[From The Times of Israel]
A sold-out US tour of ‘Defiant Requiem: Verdi at Terezin’ indicates a growing interest in recovering — and reinterpreting — the productions staged by Holocaust victims as prisoners.
BOSTON – It might be hearing the survivors’ haunting voices, singing Yiddish songs recorded after the Holocaust, or maybe it’s listening to romantic songs from the “cabaret” at Westerbork, where Jews awaited weekly transports to death.
With many back-stories to choose from, a new wave of researchers and artists is elevating “music as resistance” to the forefront of Holocaust education. A leading project is the traveling mega-production called “Defiant Requiem: Verdi at Terezin,” a memorial concert for the musical prisoners of the Nazi camp Theresienstadt, also known as Terezin, outside Prague.

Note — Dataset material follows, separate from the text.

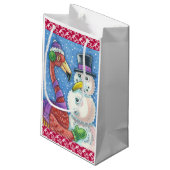 PINK FLAMINGO SNOWMAN CHRISTMAS GIFT BAG Small Klein Cadeauzakje (Achterkant Gekanteld)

Launched in 2002, the production hinges on a lavish, full orchestra performance of Giuseppe Verdi’s seminal Requiem, a Roman Catholic funeral mass. It was this complex Latin arrangement that Jewish conductor Raphael Schachter, imprisoned in Theresienstadt, chose to perform with a chorus of 150 fellow prisoners in 1943.
To build their story around the 84-minute Verdi masterpiece, “Defiant Requiem” creators interspersed it with live narration, video testimony from Theresienstadt survivors, and “show” footage shot by Nazis inside the camp. The finished product has been performed more than 30 times around the world, and recently wrapped a coast-to-coast US tour.